**About this task**
Leaving out every picture, copy the lines of the material below exactly, from the line containing "Sandra Maritza Cardona" through the line containing "Realizace a kontrola".

**Supplied data**
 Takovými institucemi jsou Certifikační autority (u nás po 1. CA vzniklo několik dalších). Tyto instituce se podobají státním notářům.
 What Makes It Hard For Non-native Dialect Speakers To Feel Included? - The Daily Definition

* * *

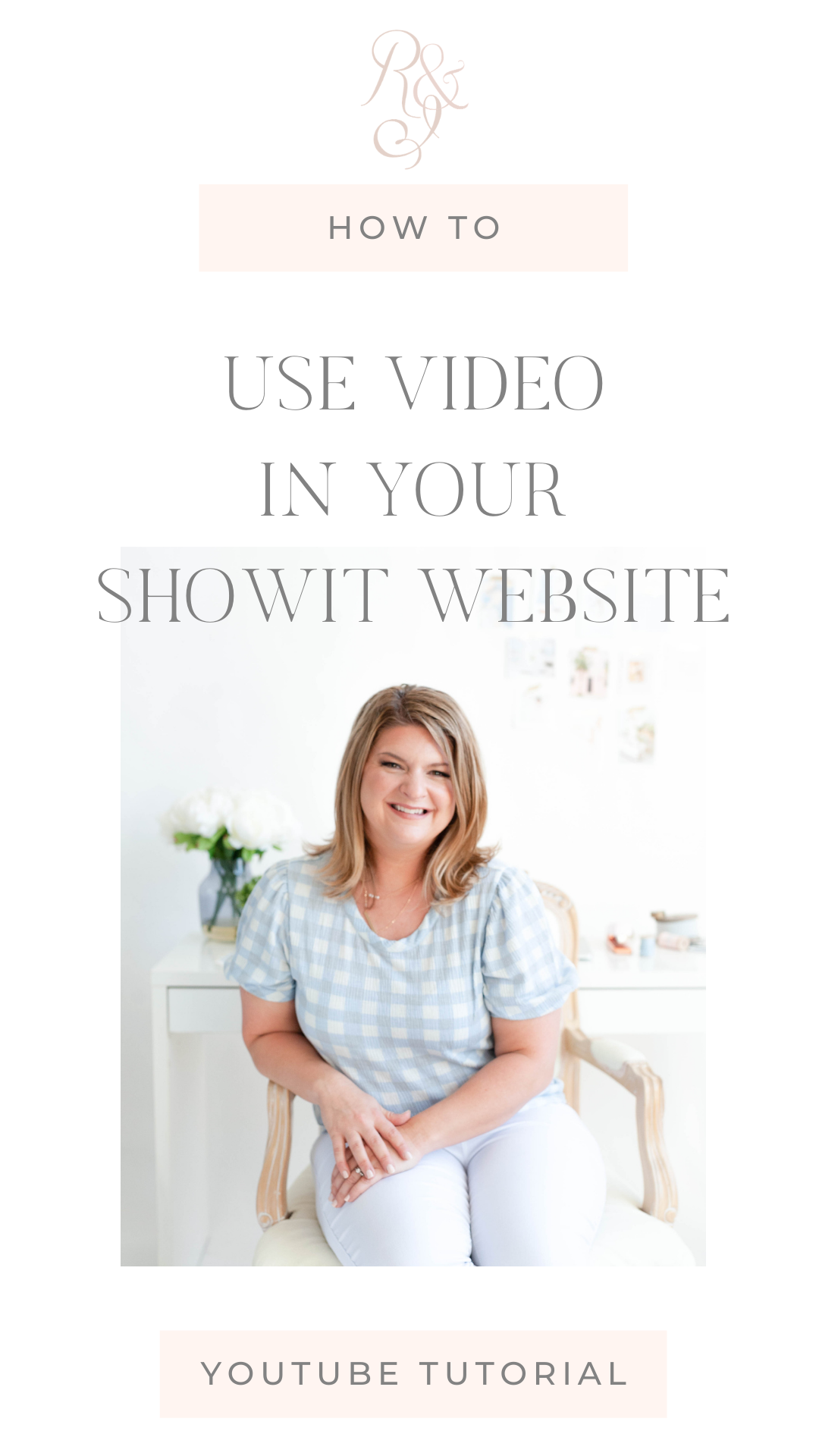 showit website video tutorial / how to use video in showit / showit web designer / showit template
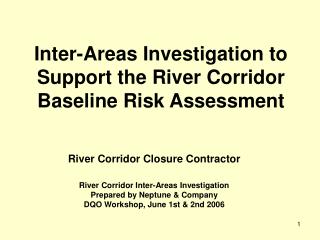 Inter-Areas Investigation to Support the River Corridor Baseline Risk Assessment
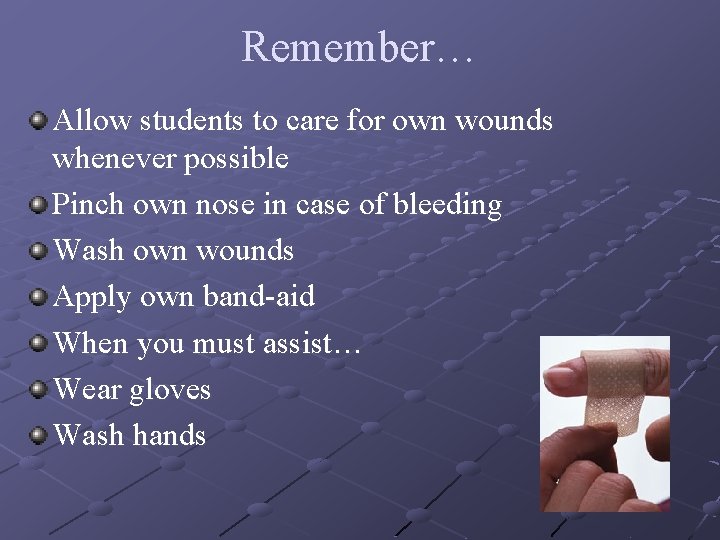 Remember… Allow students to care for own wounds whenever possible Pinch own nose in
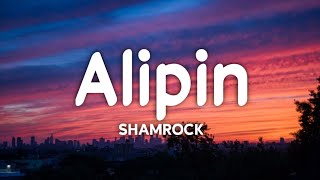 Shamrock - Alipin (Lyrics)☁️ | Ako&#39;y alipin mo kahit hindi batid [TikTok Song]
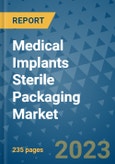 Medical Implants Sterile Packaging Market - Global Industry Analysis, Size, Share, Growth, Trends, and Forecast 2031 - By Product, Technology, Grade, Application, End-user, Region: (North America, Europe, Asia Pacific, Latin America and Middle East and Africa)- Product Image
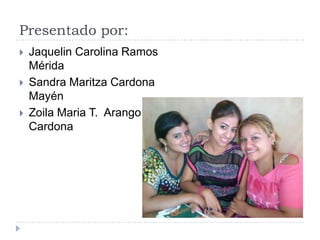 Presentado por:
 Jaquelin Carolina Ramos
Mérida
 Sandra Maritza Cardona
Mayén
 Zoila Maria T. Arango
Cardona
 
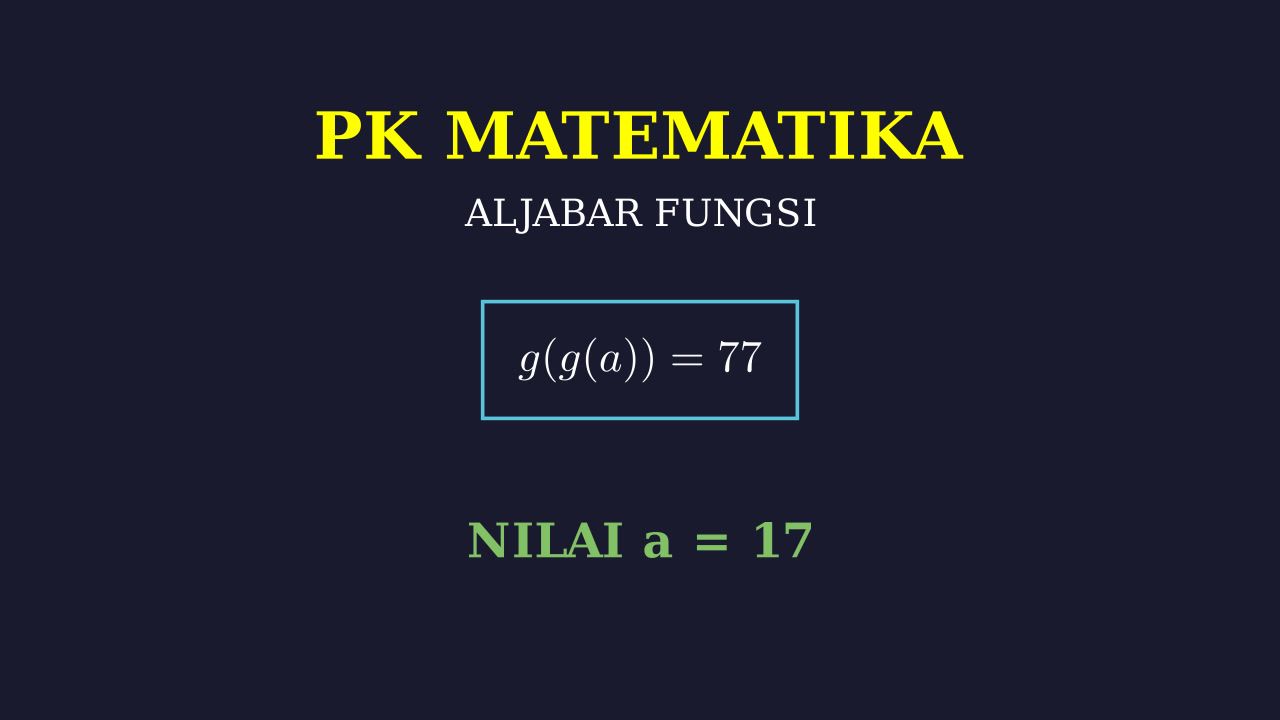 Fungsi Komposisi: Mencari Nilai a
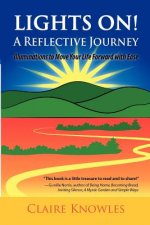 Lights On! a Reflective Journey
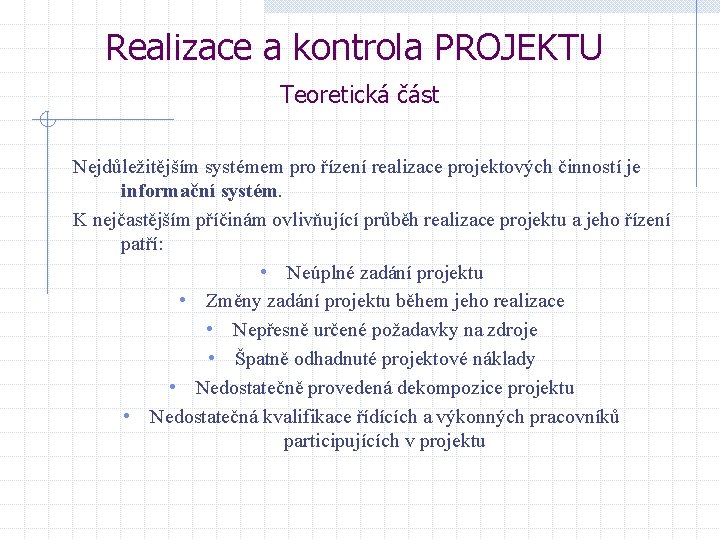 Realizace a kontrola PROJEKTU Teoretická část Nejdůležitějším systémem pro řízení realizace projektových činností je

**Written answer**
 Sandra Maritza Cardona
Mayén
 Zoila Maria T. Arango
Cardona
 
 Fungsi Komposisi: Mencari Nilai a
 Lights On! a Reflective Journey
 Realizace a kontrola PROJEKTU Teoretická část Nejdůležitějším systémem pro řízení realizace projektových činností je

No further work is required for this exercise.